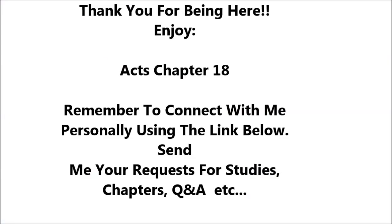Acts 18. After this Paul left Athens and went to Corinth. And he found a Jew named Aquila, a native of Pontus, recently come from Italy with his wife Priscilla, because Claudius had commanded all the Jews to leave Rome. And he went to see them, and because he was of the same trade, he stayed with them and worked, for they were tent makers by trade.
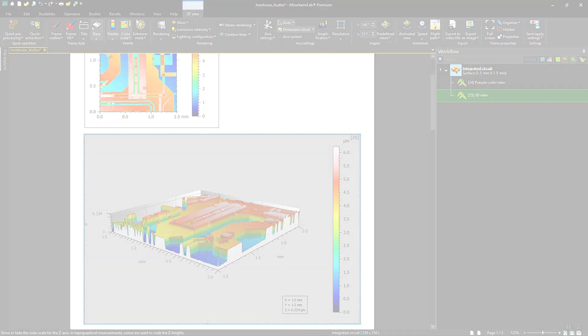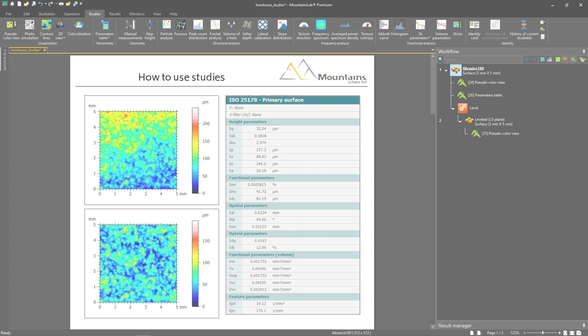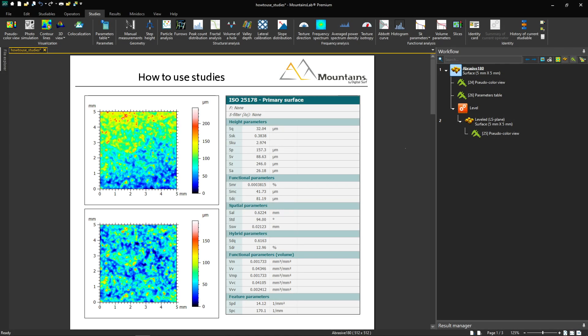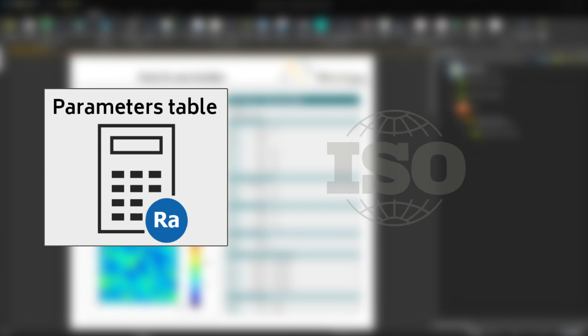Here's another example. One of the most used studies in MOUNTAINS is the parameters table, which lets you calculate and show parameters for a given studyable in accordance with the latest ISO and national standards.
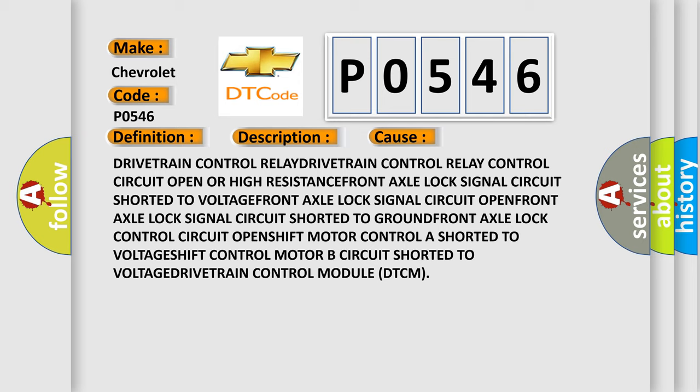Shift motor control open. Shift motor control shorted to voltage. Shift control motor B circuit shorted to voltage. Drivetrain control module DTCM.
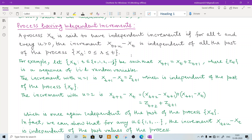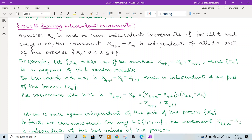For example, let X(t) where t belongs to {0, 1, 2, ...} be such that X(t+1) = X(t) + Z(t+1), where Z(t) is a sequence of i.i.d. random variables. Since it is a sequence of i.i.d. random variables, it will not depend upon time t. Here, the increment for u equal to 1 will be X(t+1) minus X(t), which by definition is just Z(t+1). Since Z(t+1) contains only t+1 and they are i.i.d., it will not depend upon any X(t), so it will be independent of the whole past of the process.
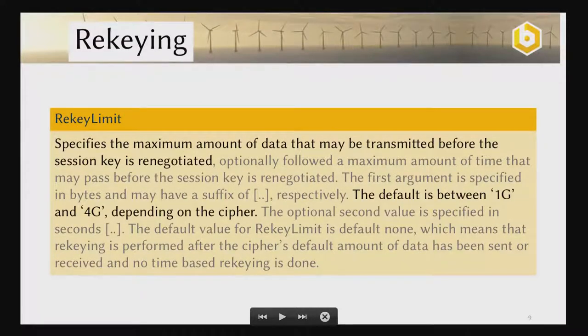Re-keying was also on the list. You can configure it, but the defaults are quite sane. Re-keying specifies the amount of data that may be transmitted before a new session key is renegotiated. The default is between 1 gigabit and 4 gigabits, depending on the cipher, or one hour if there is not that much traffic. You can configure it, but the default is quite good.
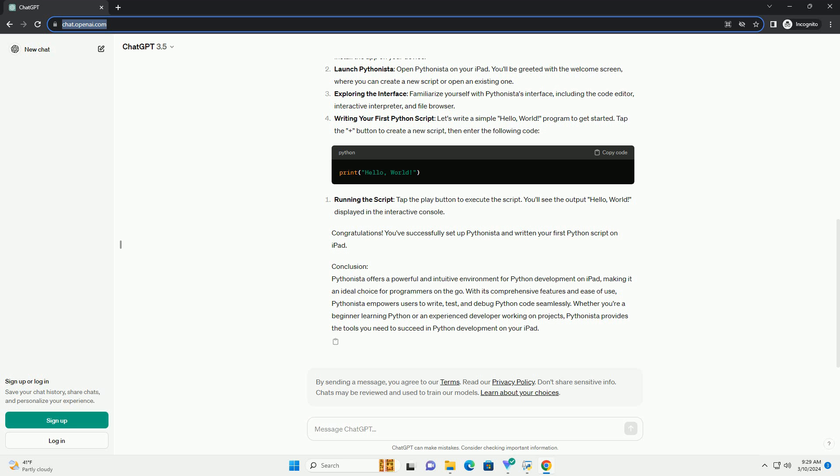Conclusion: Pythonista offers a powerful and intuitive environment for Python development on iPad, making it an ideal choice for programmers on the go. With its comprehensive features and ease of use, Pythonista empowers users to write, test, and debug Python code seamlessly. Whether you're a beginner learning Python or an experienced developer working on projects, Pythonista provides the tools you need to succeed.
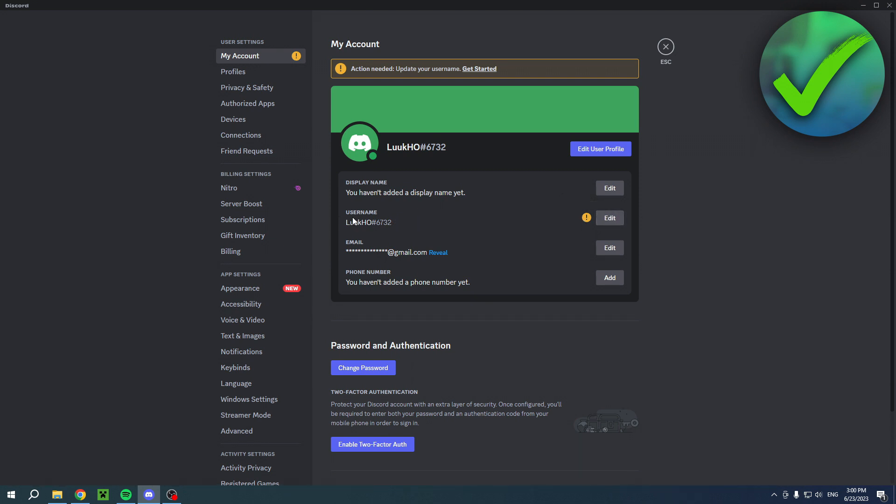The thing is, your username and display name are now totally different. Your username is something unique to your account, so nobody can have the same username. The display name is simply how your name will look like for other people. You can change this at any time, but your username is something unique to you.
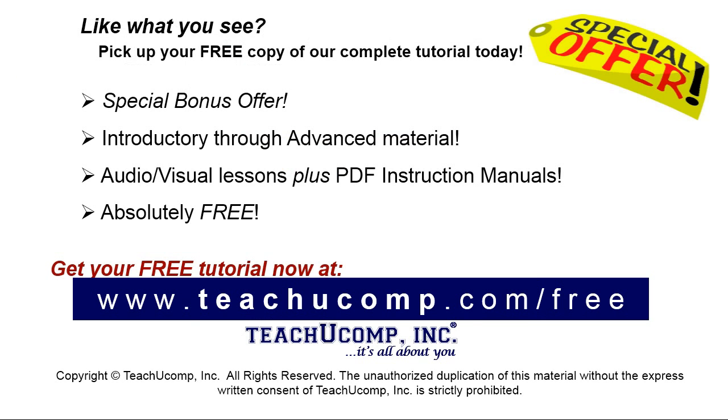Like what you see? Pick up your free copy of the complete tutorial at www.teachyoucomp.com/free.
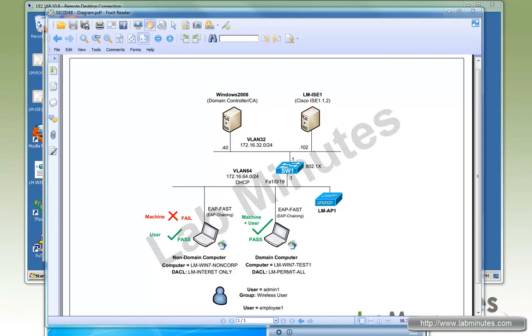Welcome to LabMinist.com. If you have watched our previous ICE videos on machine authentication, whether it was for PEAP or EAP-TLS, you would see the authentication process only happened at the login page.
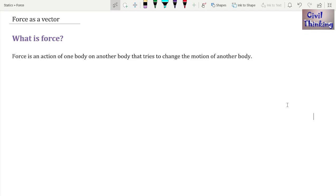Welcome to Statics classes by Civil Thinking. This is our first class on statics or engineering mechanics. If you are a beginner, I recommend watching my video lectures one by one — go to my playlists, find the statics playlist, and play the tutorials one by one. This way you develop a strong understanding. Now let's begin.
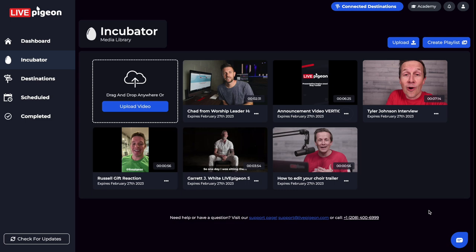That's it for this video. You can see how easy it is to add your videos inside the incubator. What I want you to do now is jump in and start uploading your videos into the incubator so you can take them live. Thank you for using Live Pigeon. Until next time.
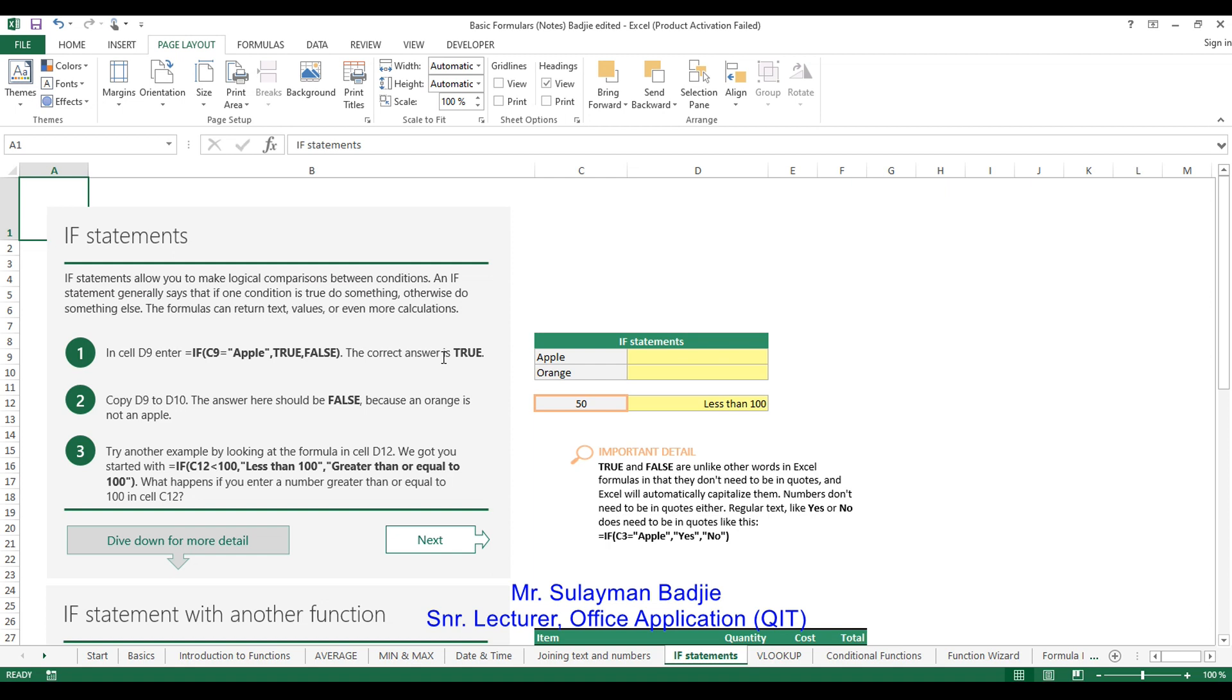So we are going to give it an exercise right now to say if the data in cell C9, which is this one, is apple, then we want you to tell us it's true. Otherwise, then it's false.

++++++++++

TO DO:
Please restate exactly the lines from the one containing "Like what you" down to the end of the material, both ends kept, and do not include the pictures.

RESULT FOR THIS EXERCISE:
Like what you see? Pick up your free copy of the complete tutorial at www.teachyoucomp.com/free.
Welcome to LabMinist.com. If you have watched our previous ICE videos on machine authentication, whether it was for PEAP or EAP-TLS, you would see the authentication process only happened at the login page.
Welcome to Statics classes by Civil Thinking. This is our first class on statics or engineering mechanics. If you are a beginner, I recommend watching my video lectures one by one — go to my playlists, find the statics playlist, and play the tutorials one by one. This way you develop a strong understanding. Now let's begin.
That's it for this video. You can see how easy it is to add your videos inside the incubator. What I want you to do now is jump in and start uploading your videos into the incubator so you can take them live. Thank you for using Live Pigeon. Until next time.
So we are going to give it an exercise right now to say if the data in cell C9, which is this one, is apple, then we want you to tell us it's true. Otherwise, then it's false.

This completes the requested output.